Vitamin D is a well-known mineral and has been found to have a significant effect on memory and other mental tests. Those who are deficient in vitamin D are much more likely to perform negatively on cognitive assessments than those who are not deficient in vitamin D.
The other major ingredient is apoaequorin. This is special protein derived from jellyfish. There is some clinical evidence that apoaequorin might help with neurodegeneration in the brain and improve cognitive functioning. Apoaequorin interacts with calcium. Problems with calcium in the brain play a role in age-related mental decline, and apoaequorin helps with this. Apoaequorin allegedly supports healthy brain functioning as you age.
There are a decent amount of studies indicating that apoaequorin is safe to ingest and is nontoxic in small to mild doses. There is also some evidence that apoaequorin might help improve sleep.
We should mention that Prevagen has been in some hot water in the past. The Federal Trade Commission (FTC) has charged Quincy Bioscience, the creator of Prevagen, with false and deceptive advertising, particularly about the apoaequorin ingredient.
The charge against Quincy Bioscience never stuck as a judge dismissed the case, but the company does not appear to have run any further tests on their supplement. Alternatively, other studies have indicated that apoaequorin might have some memory benefits, but only in older adults and only a very small difference. More research is necessary to determine its actual effectiveness.
Prevagen Side Effects
For the most part, small to moderate doses of apoaequorin is perfectly safe for adult humans to take and are not associated with any serious side effects. However, there is not much evidence about potential side effects at higher concentrations.
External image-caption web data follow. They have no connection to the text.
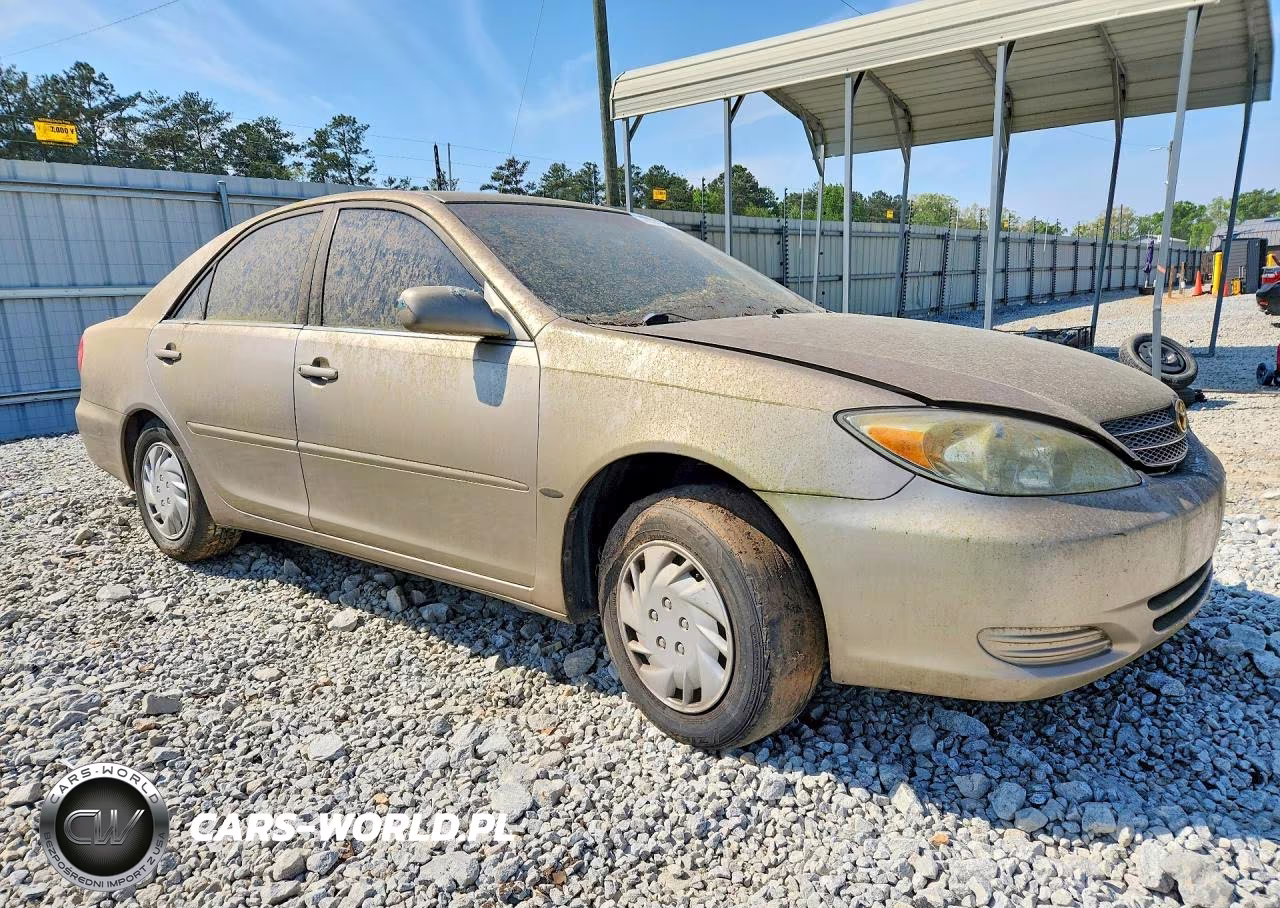 2002 Toyota Camry Le VIN:4T1BE32K32U035939 - 4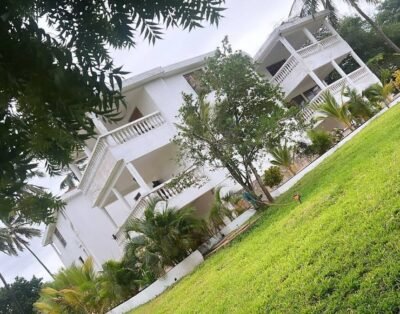 6 Bedroom Villa For Rent in Takaungu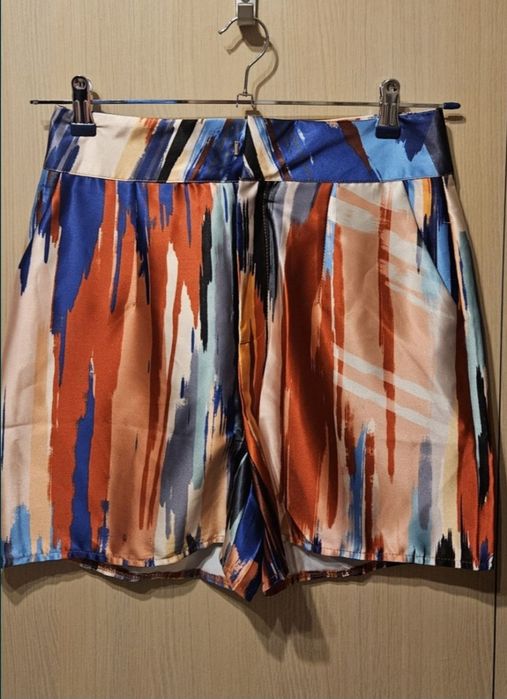 Pantaloni scurti satin pt dama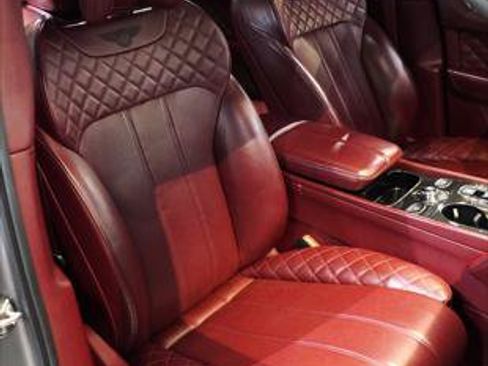 Used 2020 Bentley Bentayga AWD/4WD image 29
Common side effects include headache, dizziness, and nausea, most of which are mild and subsist eventually.
In a handful of cases, apoaequorin consumption has been associated with heart and nervous system problems, but in these cases, it is unclear whether apoaequorin was the cause in those cases or just incidental. There is also little evidence on how Prevagen interacts with other medications.
- Only two ingredients. If the large amount of ingredients in Focus Factor worries you then you might feel more comfortable taking Prevagen
- The main ingredient in Prevagen, apoaequorin, has some beneficial effects on memory in older adults. However, it is not sure whether Prevagen itself is effective for memory.
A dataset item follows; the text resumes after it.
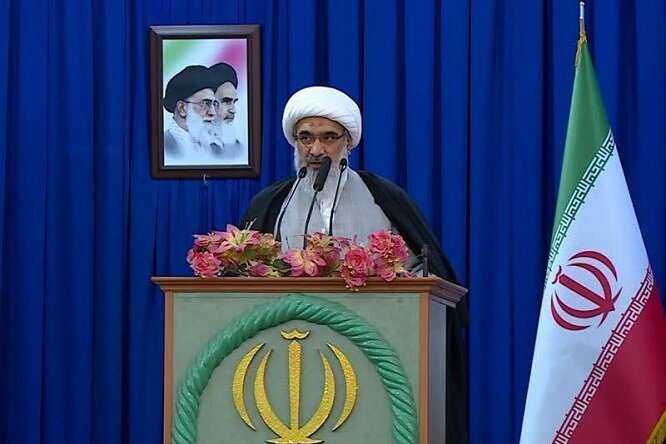 امام جمعه بوشهر: مقابله با گرانی و کنترل قیمتها جدیتر دنبال شود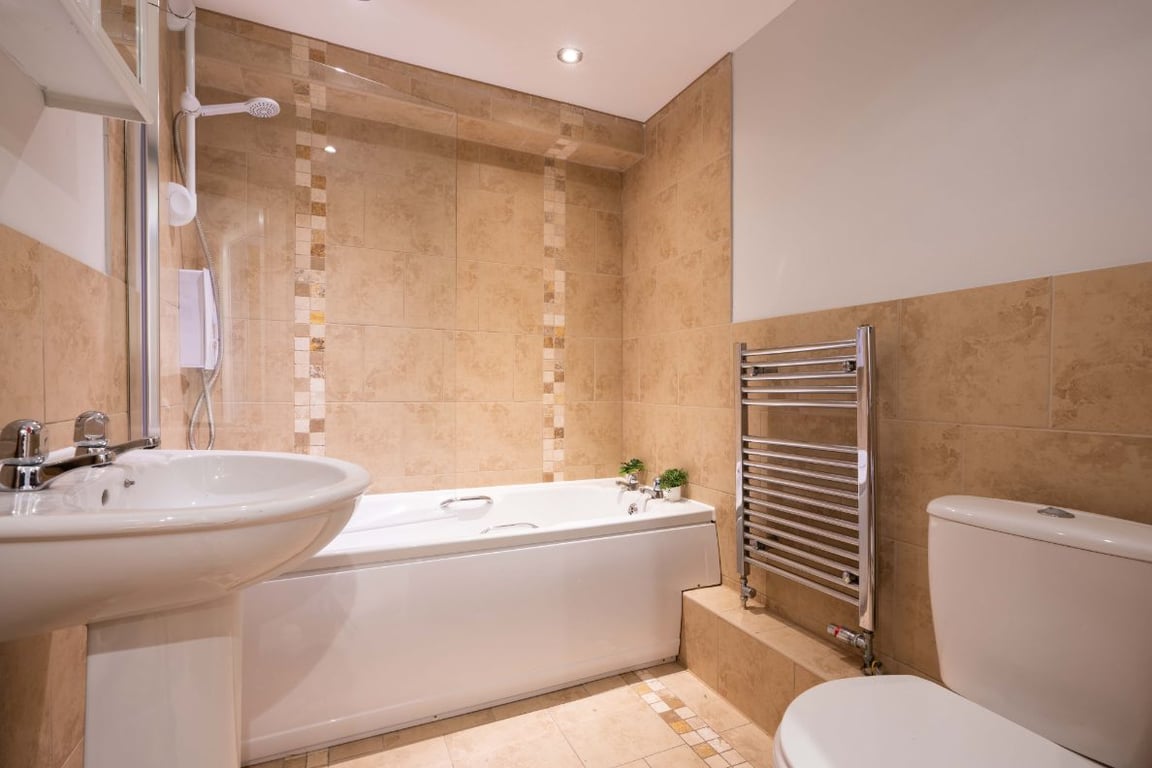 Flat 3 Shiners Yard, 123 Jesmond Road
- Prevagen and apoaequorin are nontoxic and safe to consume for human adults
- Prevagen is relatively affordable and won’t break the bank when buying
- Prevagen might also contain mils, nuts, and soy, all three of which are common allergens.
- The actual effectiveness of apoaequorin is still up for debate and more research is necessary.
- The FTc charged the creator of Prevagen for false advertising.
So, which is better: Focus Factor vs. Prevagen?
In our estimation, we would say that Focus Factor is the better option to choose from. Focus Factor might be more of a generic multivitamin than a fancy nootropic, but it has a lot of decent vitamins and minerals, along with a proprietary blend that has a lot of ingredients with some demonstrated positive effects.
Even if Focus Factor does not help your memory and cognitive functioning very much, then it still has some good ingredients in it such as vitamin B, riboflavin, manganese, iron, and so on. These are all useful things that can help your mental concentration by making sure you are not deficient in any nutrients. But it might be a stretch to say that Focus Factor is a real “nootropic” rather than a regular multivitamin with some unique ingredients and a fancy name.
The problem with Prevagen is that it puts its entire operation on a single ingredient that has mixed data about its effects. So, if you are currently trying to decide between Focus Factor and Prevagen then we would recommend going with Focus Factor.
At the end of the day, nootropics are a tough category to nail down, so make sure that when buying that you are researching the individual ingredients rather than relying on marketing terms like “nootropics.”